Lawmakers on both sides of the aisle are critical of using state troopers in casinos.

Given the statewide drug epidemic, beefing up patrols is more important than enforcing gambling or liquor laws, particularly since Pennsylvania has become a frequent pass-through for East Coast drug traffickers, Mahoney said.

“We have 150 troopers sitting in casinos who could be out doing other work,” said state Sen. Pat Vance, R-Camp Hill. “I've not been particularly sympathetic with that. Gaming is a private enterprise. I know they pay for the troopers, but public dollars pay to train and uniform them, and then we don't utilize their services where they should be.”

The biggest problem remains the flood of troopers taking their pensions. Many began their careers as retirements surged in the aftermath of the bloody riots at the State Correctional Institution at Camp Hill in 1989.

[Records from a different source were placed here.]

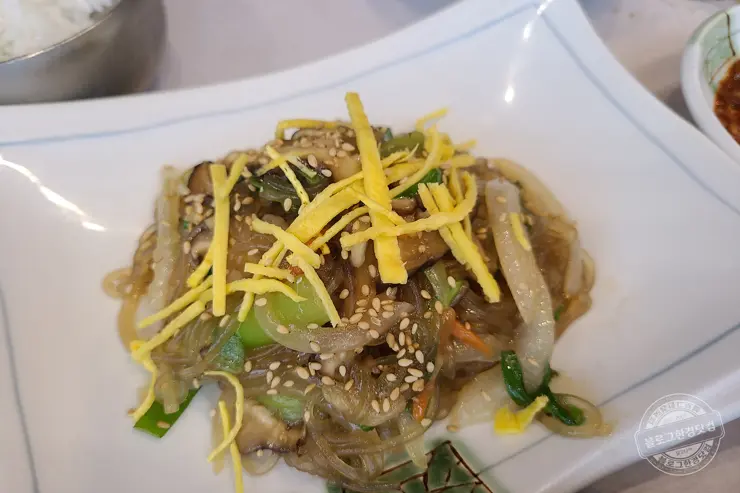 다강 한정식 전남 강진 문막래 한식 명인 전라도 맛집 내돈내먹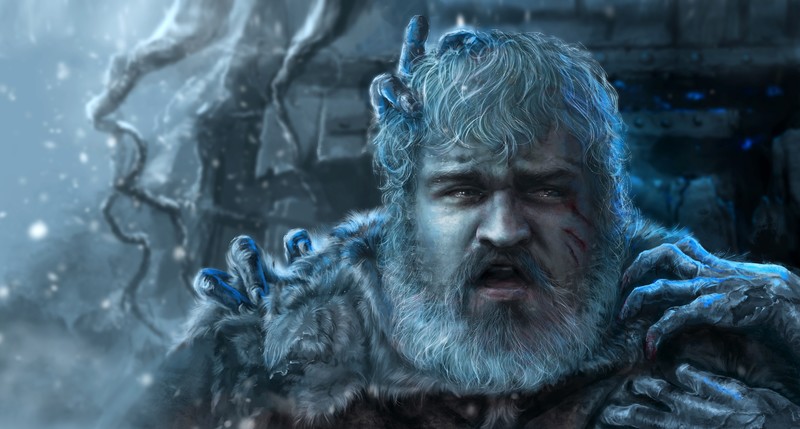 game of thrones, tv shows, artist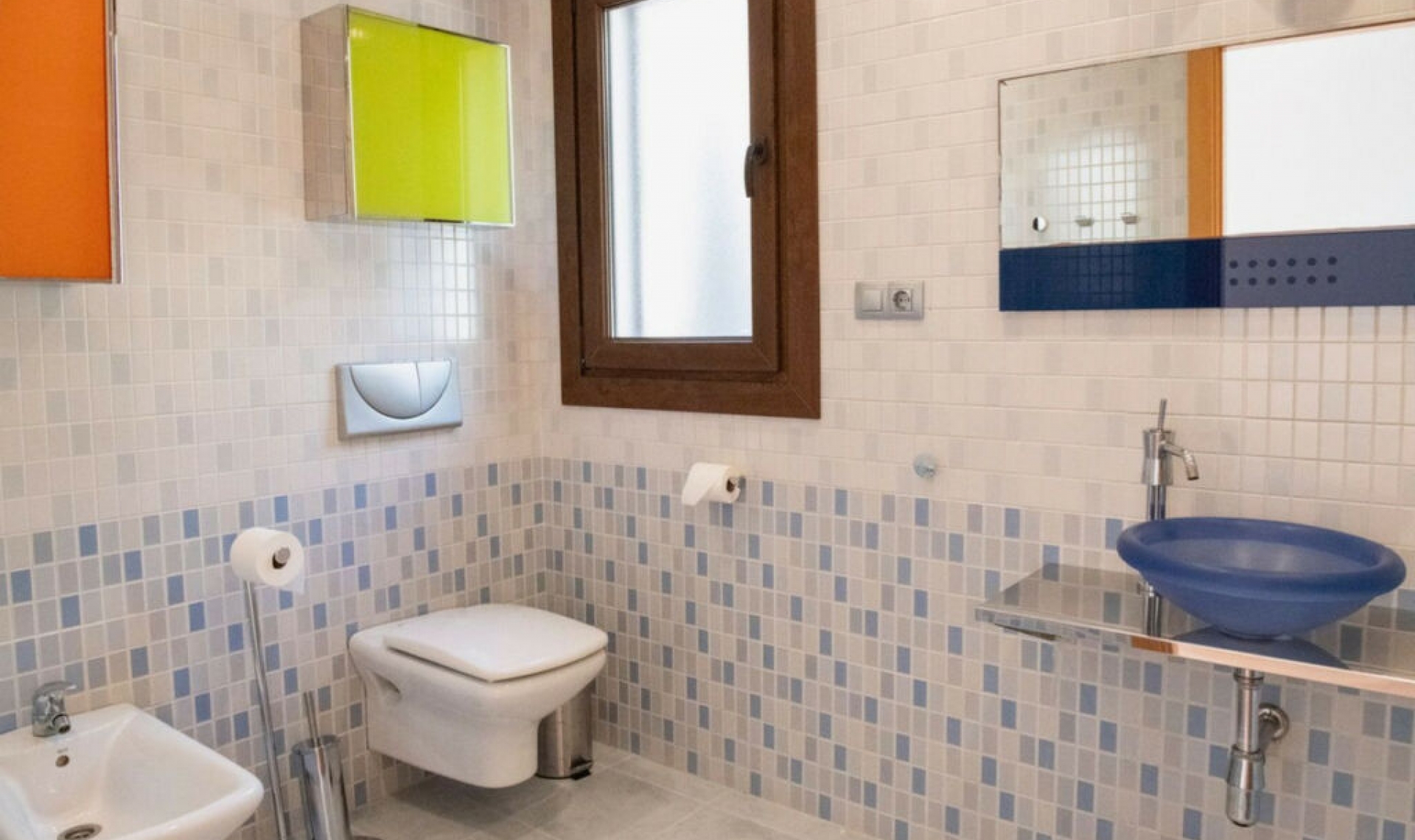 Resale - House -
Benalmadena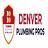 Denver 24HR Plumbing, Drain and Rooter Pros in Aurora, CO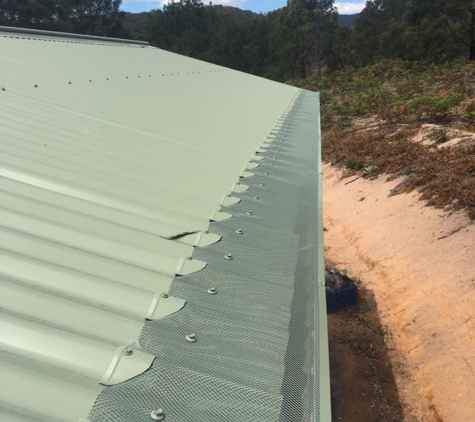 Ben Maher Metal Roofing - South Pambula, NSW
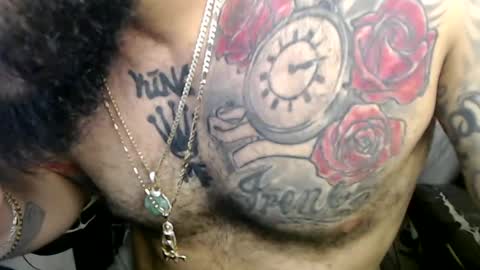 Snapshot of miaking chatting on February 17, 2025, 5:36 am Mark online show from February 17, 2025, 5:36 am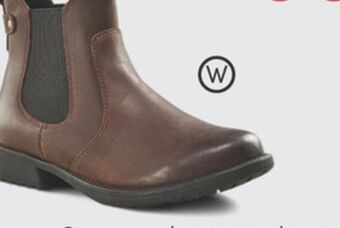 Mark's Women's boots offer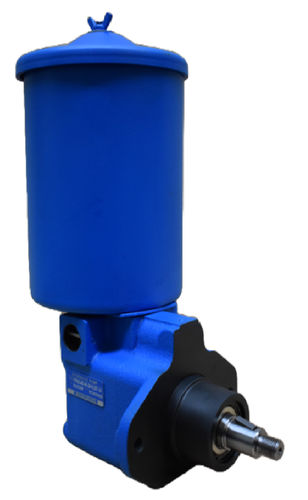 Pompa idraulica a palette - VTM42-60-50-20 - Taon Hydraulik Komponenter ApS - a comando idraulico / per applicazioni industriali / con serbatoio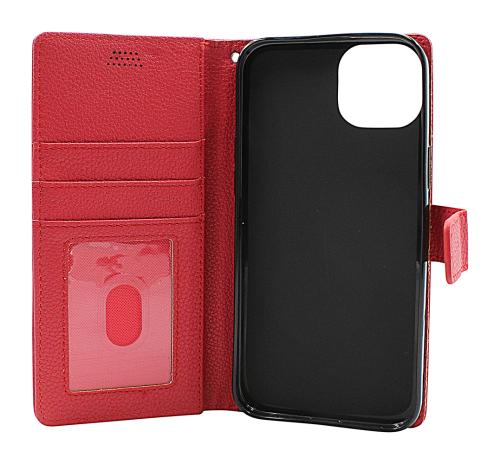 New Standcase Wallet iPhone 15 Plus
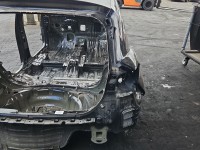 Błotnik tył prawy ćwiartka MG3 24- 5PBC HB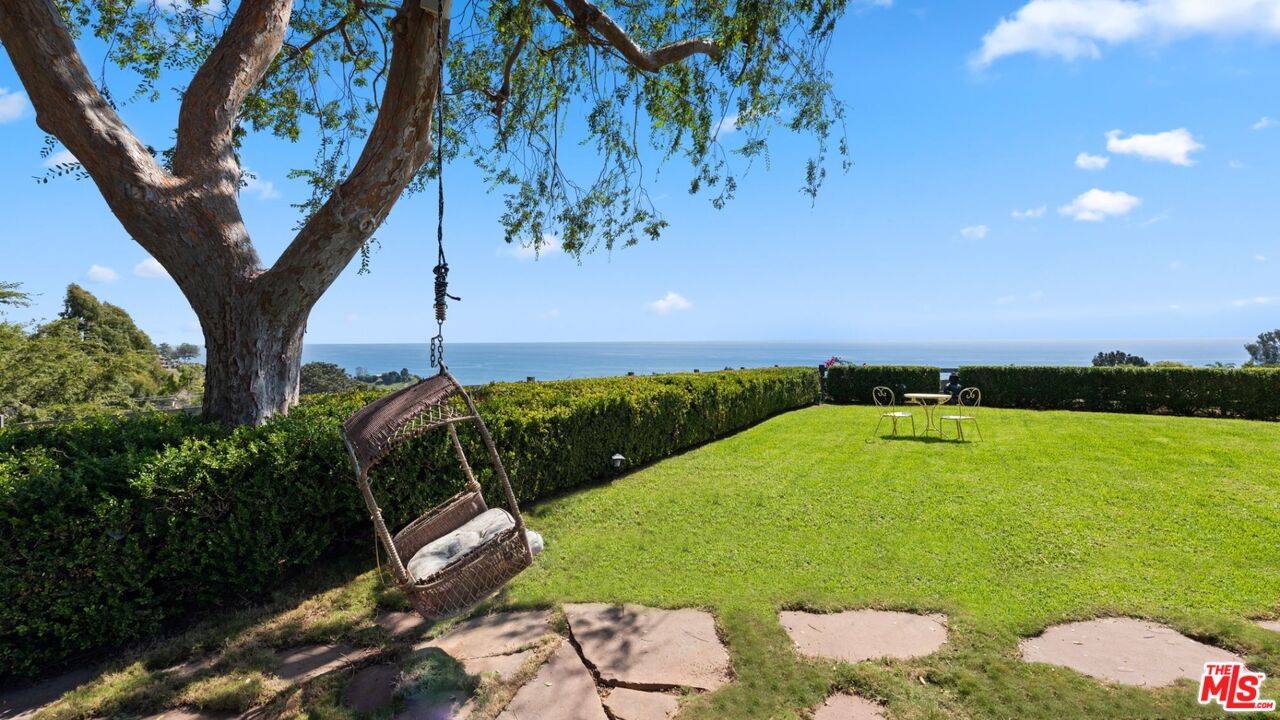 22042 Carbon Mesa Rd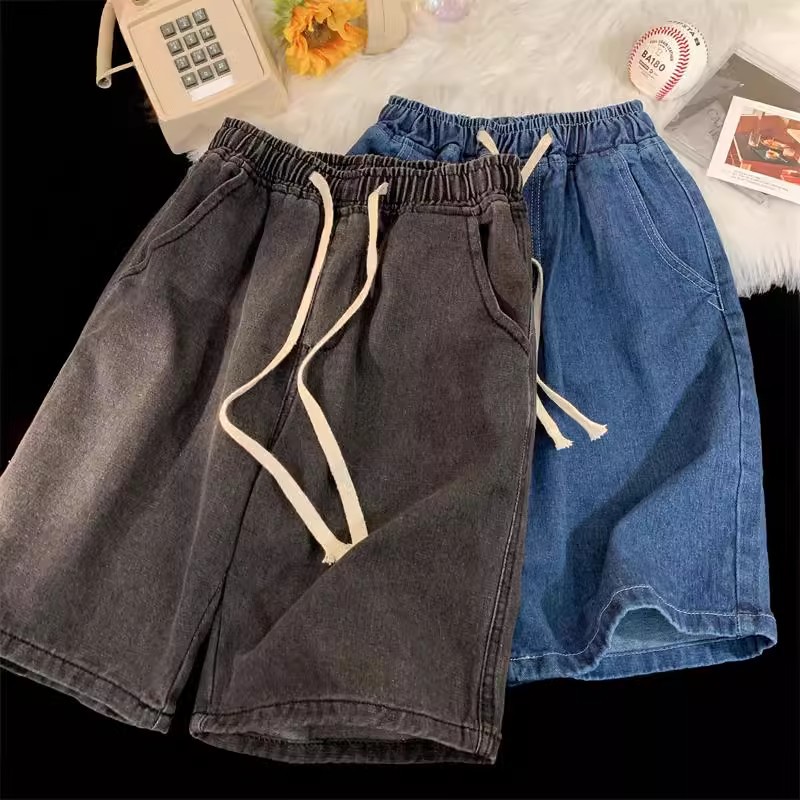 جينز رجالي جديد بأسلوب كوري عت - مراجعة Men Fashion Jeans وسعره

This year, former Acting State Police Commissioner Marcus Brown warned lawmakers that the situation will only worsen as more troopers qualify for the department's generous pension benefits.

Tyree Blocker, Gov. Tom Wolf's nominee for state police commissioner, did not return calls for comment.

‘Top-notch service'

The answer could be legislation that encourages municipalities without police departments to band together to form regional police forces.

Twenty-five regional police departments in Pennsylvania serve a total of 135 municipalities, records show.

Colby Howe, borough manager of Bradford Woods, said his community is one of four in Allegheny County in the Northern Regional Police Department. The borough enjoys “top-notch service” from the force, which was formed more than four decades ago, he said.

“With 1,200 residents, there is no way we would be able to afford the quality and police presence we have here,” Howe said.

Basinger and Firestone said they long for the days when state police were not in short supply.

“I remember about eight to 10 years ago when I'd be working inside the shop here late at night after 11 p.m. There would be a knock on the door, and it would be a trooper standing there, saying he was just checking to make sure things were OK because I was the only building with a light on inside,” Basinger said.